If you build one, please post it! (and if you need any other pics of mine, like with the clamp removed, feel free to ask)


----------



## Ripthorn (Mar 17, 2015)

I hope to get around to one soon.  I am awaiting the construction and delivery of a new 7x12 lathe, so hopefully I will have a little time.  I read the post on gadgetbuilder.com about the tangential holder and he talked about how he did the angles.  I thought about it a bit and realized I could probably do the angles, including the slot, using my table saw pretty easily.  Use a file to finish up.  This would be in aluminum of course.  I am going to make a test one out of a block of wood to verify the procedure first, but hopefully it will be really quick and easy, the hardest part being machining the dovetail for my QCTP.


----------



## Andre (Mar 17, 2015)

Ripthorn said:


> I hope to get around to one soon.  I am awaiting the construction and delivery of a new 7x12 lathe, so hopefully I will have a little time.  I read the post on gadgetbuilder.com about the tangential holder and he talked about how he did the angles.  I thought about it a bit and realized I could probably do the angles, including the slot, using my table saw pretty easily.  Use a file to finish up.  This would be in aluminum of course.  I am going to make a test one out of a block of wood to verify the procedure first, but hopefully it will be really quick and easy, the hardest part being machining the dovetail for my QCTP.



I will not encourage cutting aluminum on a tablesaw, it's too dangerous holding a small piece of metal against a 12" blade spinning 4,000 RPM. Don't do it.

Hacksaw two slots then get a cold chisel and notch out the material between the slots if you have no other way of doing it.


----------



## KMoffett (Mar 18, 2015)

An issue that I think you might have with an aluminum tool holder is stripping out threaded holes.  In a normal tool's horizontal position the forces are perpendicular to the tool axis. It doesn't require as much force to keep the tool from tipping or moving sideways.  Because the forces on the tangential tool is parallel to the tool axis, you really have to crank down on the screw that clamps the tool in the holder to keep it from slipping down. Just my 2 cents.  

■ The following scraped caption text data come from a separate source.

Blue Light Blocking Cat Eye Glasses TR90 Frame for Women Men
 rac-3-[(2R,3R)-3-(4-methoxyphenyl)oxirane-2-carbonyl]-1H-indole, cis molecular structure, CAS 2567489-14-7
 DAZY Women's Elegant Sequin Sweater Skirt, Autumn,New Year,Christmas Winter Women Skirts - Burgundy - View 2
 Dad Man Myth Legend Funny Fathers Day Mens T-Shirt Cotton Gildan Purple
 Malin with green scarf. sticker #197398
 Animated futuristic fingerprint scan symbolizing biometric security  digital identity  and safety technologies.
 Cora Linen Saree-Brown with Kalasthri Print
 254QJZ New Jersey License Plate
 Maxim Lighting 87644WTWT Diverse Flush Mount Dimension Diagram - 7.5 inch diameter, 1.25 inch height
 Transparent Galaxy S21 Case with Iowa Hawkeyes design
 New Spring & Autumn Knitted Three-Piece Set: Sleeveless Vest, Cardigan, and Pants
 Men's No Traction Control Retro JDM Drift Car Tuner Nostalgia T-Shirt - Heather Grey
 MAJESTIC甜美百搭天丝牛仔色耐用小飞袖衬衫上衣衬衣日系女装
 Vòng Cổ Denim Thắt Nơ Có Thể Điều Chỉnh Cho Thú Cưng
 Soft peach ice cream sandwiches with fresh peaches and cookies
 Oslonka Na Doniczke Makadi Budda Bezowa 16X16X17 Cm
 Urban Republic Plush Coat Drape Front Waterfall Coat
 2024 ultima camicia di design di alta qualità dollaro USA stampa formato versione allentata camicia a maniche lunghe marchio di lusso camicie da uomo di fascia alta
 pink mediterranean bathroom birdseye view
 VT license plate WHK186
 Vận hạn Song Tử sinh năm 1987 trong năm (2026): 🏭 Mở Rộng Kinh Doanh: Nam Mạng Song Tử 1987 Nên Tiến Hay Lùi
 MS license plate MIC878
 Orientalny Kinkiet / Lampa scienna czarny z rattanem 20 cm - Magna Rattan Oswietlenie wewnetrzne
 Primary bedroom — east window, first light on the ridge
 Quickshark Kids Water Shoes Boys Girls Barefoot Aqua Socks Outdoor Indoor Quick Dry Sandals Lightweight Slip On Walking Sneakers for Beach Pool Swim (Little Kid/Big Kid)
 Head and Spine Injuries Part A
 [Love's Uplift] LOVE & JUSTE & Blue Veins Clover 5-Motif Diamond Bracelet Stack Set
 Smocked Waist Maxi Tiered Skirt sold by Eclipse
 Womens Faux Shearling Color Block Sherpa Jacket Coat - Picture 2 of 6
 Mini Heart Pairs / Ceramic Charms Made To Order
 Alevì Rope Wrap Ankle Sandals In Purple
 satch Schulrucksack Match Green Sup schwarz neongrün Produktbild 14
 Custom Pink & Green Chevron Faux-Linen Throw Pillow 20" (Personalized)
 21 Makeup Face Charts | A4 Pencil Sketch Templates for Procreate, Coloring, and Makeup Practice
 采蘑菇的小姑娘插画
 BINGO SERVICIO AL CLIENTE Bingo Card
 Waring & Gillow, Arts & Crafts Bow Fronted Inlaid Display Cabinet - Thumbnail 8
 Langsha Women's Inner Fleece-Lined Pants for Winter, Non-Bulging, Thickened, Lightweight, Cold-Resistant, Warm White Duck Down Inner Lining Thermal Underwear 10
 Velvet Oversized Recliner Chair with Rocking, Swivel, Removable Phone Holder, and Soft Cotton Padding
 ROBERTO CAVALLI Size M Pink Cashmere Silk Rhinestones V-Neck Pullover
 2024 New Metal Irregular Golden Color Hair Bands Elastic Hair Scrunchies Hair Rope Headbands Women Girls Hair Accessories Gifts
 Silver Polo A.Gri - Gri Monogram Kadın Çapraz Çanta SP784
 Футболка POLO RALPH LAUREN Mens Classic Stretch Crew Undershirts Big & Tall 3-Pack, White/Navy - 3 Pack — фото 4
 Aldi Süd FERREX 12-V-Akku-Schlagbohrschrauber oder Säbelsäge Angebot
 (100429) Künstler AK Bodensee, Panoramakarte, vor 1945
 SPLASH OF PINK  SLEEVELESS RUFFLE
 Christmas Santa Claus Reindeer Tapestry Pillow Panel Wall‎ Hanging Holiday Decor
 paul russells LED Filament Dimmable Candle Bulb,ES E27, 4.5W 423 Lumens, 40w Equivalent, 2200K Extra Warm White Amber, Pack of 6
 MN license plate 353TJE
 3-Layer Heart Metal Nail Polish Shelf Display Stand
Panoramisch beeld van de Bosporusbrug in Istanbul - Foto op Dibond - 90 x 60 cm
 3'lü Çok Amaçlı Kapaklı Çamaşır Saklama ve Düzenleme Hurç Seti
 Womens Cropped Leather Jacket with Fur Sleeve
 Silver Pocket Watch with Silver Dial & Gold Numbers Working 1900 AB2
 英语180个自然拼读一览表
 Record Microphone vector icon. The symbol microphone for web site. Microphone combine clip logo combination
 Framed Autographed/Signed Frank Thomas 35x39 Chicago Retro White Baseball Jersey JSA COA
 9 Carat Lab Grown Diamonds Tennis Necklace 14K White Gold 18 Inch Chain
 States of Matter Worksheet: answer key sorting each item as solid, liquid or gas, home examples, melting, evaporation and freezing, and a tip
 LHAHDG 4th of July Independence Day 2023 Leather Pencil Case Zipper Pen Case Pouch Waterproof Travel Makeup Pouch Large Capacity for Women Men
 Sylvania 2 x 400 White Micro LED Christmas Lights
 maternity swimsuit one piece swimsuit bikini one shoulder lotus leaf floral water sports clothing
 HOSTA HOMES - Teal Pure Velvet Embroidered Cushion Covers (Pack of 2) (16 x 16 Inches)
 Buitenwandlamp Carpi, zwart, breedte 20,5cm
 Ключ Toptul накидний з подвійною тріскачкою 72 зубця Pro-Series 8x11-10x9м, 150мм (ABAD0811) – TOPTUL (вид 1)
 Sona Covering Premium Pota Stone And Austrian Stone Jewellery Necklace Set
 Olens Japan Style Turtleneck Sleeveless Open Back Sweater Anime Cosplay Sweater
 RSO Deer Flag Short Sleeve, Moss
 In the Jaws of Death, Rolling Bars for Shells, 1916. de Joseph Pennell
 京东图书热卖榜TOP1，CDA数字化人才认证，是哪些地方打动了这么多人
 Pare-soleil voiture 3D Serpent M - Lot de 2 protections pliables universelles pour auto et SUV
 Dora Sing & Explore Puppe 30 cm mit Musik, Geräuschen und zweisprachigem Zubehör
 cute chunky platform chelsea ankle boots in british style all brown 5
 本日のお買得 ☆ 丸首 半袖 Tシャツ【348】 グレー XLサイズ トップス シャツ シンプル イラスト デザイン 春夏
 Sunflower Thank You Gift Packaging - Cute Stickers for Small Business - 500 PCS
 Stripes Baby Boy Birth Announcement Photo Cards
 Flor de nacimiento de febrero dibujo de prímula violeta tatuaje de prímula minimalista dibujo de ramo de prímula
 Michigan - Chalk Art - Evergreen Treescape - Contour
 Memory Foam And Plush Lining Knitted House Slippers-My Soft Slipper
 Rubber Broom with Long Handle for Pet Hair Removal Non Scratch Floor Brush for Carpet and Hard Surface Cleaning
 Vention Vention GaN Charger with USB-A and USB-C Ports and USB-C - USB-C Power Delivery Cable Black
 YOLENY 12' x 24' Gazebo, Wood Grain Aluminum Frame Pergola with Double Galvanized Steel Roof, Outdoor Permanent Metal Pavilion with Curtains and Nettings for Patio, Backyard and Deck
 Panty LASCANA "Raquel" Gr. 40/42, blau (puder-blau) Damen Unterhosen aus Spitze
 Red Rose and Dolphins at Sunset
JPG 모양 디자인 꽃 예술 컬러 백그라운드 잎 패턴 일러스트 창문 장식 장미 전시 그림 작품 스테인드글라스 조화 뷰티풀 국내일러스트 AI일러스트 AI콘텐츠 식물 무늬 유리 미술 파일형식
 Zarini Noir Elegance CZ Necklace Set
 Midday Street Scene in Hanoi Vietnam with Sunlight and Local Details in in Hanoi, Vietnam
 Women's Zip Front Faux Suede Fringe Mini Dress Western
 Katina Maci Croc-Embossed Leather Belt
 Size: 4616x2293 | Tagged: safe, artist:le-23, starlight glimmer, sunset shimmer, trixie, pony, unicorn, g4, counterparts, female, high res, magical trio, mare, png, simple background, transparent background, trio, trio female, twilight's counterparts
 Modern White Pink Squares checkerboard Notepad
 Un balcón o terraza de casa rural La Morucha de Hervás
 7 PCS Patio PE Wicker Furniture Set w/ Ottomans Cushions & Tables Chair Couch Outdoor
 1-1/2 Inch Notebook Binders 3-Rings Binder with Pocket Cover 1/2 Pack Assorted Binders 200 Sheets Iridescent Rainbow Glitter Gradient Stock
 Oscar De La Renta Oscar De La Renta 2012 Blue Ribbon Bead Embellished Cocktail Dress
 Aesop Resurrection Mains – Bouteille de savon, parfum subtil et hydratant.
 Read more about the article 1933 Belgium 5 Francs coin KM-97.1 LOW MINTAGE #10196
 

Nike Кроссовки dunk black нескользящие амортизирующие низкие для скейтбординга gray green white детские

I have two  from Bay-Com and love them. 

Ken


----------



## KMoffett (Mar 18, 2015)

OOPs...double post.
Ken


----------



## Andre (Mar 18, 2015)

KMoffett said:


> An issue that I think you might have with an aluminum tool holder is stripping out threaded holes.  In a normal tool's horizontal position the forces are perpendicular to the tool axis. It doesn't require as much force to keep the tool from tipping or moving sideways.  Because the forces on the tangential tool is parallel to the tool axis, you really have to crank down on the screw that clamps the tool in the holder to keep it from slipping down. Just my 2 cents.
> 
> I have two  from Bay-Com and love them.
> 
> Ken




Ken, 
That's exactly what I thought too, but it's surprisingly strong. I used a 10-32 screw, tighten it snug and it should be okay. I've never measured the force, but around 35 in/lb's using a 3/16" toolbit. I've taken 20 thou deep cuts in mild steel in one pass; a good cut for a Craftsman 109. It never slipped. I wonder if one could be made with a mIcrometer adjustment for height on the bottom, that will also strengthen the setup :chinscratch:


----------



## rbertalotto (Mar 18, 2015)

Once you try a tangential tool holder....you'll never go back! Best thing I EVER did for my turning in the shop.


----------



## ogberi (Mar 19, 2015)

Andre said:


> Ken,
> That's exactly what I thought too, but it's surprisingly strong. I used a 10-32 screw, tighten it snug and it should be okay. I've never measured the force, but around 35 in/lb's using a 3/16" toolbit. I've taken 20 thou deep cuts in mild steel in one pass; a good cut for a Craftsman 109. It never slipped. I wonder if one could be made with a mIcrometer adjustment for height on the bottom, that will also strengthen the setup :chinscratch:



Exactly what I did on the tangential toolholder for my Taig.  Two buttonhead screws to secure it in the slot, a 10-32x1/2 or 3/4 long to set the tool height.  .010 interrupted cuts on a square steel workpiece and it didn't hammer it down or rip the toolbit out. Big aid was I machined the toolholder to sit on the cross slide, and machined the necessary angles into the bottom of the toolholder.  That way I could just mill a straight slot in the corner.

Here's a video of me flat out abusing my tangential toolholder.


----------



## randyc (Mar 19, 2015)

FYI, "Machinery's Handbook" has included a number of tangential toolholder designs for many, many decades - take a look


----------



## Andre (Mar 19, 2015)

randyc said:


> FYI, "Machinery's Handbook" has included a number of tangential toolholder designs for many, many decades - take a look



I have a 11th edition, I wonder id it's in there. Hmm


----------



## randyc (Mar 19, 2015)

Andre said:


> I have a 11th edition, I wonder id it's in there. Hmm



Probably - there are three pages of tangential tool holders in my 17th edition.  Not a lot has changed in manual lathe tools other than QCTP in the past century.


----------



## KMoffett (Mar 20, 2015)

I can't find any references to tangential tools in the 26th edition.

Ken


----------



## randyc (Mar 20, 2015)

KMoffett said:


> I can't find any references to tangential tools in the 26th edition.
> 
> Ken



I can't guarantee that they are still in the latest editions but try looking up "Single Point Tools And Tool Posts".  That is the chapter in my version of Machinery's Handbook in which the tool holders are included.  (BTW, the tool holders are not labeled "tangential" but their purpose will be obvious when you see them.  There should be four different configurations depicted.)


----------